• **Your objective**
Would you please transcribe exactly the lines from the one containing "community sign featuring a lawn" through the end of the material below, and only those?

--- --- ---

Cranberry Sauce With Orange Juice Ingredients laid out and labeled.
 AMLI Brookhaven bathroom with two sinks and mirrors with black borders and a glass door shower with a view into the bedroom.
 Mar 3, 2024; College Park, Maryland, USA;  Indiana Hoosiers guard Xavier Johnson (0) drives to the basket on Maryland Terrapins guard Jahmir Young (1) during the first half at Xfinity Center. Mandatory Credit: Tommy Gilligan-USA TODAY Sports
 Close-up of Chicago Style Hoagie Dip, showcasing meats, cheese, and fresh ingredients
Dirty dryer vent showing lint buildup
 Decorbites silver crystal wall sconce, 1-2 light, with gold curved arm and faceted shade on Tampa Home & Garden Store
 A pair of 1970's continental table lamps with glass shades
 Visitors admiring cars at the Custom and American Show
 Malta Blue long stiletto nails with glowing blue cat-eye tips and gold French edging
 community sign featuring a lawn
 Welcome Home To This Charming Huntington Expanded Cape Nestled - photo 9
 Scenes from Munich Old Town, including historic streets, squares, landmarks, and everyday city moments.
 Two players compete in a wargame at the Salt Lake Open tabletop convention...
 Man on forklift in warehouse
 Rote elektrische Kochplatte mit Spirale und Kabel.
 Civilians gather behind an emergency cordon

--- --- ---

• **Written solution**
 community sign featuring a lawn
 Welcome Home To This Charming Huntington Expanded Cape Nestled - photo 9
 Scenes from Munich Old Town, including historic streets, squares, landmarks, and everyday city moments.
 Two players compete in a wargame at the Salt Lake Open tabletop convention...
 Man on forklift in warehouse
 Rote elektrische Kochplatte mit Spirale und Kabel.
 Civilians gather behind an emergency cordon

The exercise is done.